Information given:
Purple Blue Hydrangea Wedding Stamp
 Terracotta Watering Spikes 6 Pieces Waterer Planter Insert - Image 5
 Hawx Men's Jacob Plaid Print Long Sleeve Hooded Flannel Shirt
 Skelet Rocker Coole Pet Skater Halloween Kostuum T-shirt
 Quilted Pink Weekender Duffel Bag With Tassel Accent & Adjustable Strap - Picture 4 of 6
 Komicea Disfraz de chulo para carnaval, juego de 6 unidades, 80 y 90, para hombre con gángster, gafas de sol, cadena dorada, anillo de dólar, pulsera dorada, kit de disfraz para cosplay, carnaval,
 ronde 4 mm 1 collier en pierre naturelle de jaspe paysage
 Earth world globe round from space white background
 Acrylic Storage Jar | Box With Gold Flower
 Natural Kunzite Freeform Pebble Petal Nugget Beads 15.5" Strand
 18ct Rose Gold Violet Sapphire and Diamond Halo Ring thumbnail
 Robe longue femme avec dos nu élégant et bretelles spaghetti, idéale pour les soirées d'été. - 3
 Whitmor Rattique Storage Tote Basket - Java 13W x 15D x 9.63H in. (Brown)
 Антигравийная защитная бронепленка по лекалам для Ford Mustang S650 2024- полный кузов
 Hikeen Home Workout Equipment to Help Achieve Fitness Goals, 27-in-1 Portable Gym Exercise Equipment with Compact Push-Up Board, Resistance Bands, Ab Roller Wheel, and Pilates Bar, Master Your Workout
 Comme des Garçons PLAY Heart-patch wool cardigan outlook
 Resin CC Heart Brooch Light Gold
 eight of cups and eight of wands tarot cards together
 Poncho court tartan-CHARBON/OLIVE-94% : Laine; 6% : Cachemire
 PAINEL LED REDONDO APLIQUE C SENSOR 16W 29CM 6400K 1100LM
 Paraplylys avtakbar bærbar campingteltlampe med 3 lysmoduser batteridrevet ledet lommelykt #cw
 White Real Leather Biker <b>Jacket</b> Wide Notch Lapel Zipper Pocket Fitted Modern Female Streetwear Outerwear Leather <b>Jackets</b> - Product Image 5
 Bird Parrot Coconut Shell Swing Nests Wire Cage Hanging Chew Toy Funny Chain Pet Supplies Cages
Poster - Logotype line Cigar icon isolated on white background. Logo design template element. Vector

Exercise details: The expected output is each line of the records above that includes the word "Heart".

Solution for this task:
 Comme des Garçons PLAY Heart-patch wool cardigan outlook
 Resin CC Heart Brooch Light Gold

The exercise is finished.